Huang R.,Washington State University |
Song W.-Z.,Georgia State University |
Xu M.,Georgia State University |
Peterson N.,Lewis - Clark State College |
And 2 more authors.
IEEE Transactions on Parallel and Distributed Systems | Year: 2012
This paper presents the design, deployment, and evaluation of a real-world sensor network system in an active volcanoMount St. Helens. In volcano monitoring, the maintenance is extremely hard and system robustness is one of the biggest concerns. However, most system research to date has focused more on performance improvement and less on system robustness. In our system design, to address this challenge, automatic fault detection and recovery mechanisms were designed to autonomously roll the system back to the initial state if exceptions occur. To enable remote management, we designed a configurable sensing and flexible remote command and control mechanism with the support of a reliable dissemination protocol.

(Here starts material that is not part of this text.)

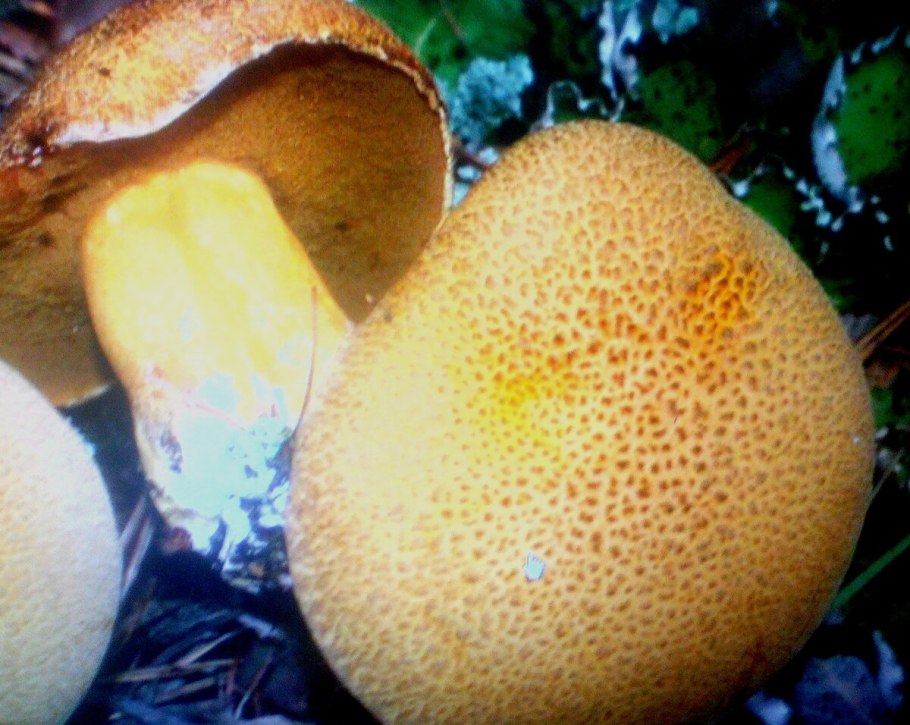 Маслята и моховики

To maximize data quality, we designed event detection algorithms to identify volcanic events and prioritize the data, and then deliver higher priority data with higher delivery ratio with an adaptive data transmission protocol. Also, a light-weight adaptive linear predictive compression algorithm and localized TDMA MAC protocol were designed to improve network throughput. With these techniques and other improvements on intelligence and robustness based on a previous trial deployment, we air-dropped 13 stations into the crater and around the flanks of Mount St. Helens in July 2009. During the deployment, the nodes autonomously discovered each other even in-the-sky and formed a smart mesh network for data delivery immediately. We conducted rigorous system evaluations and discovered many interesting findings on data quality, radio connectivity, network performance, as well as the influence of environmental factors. © 2006 IEEE.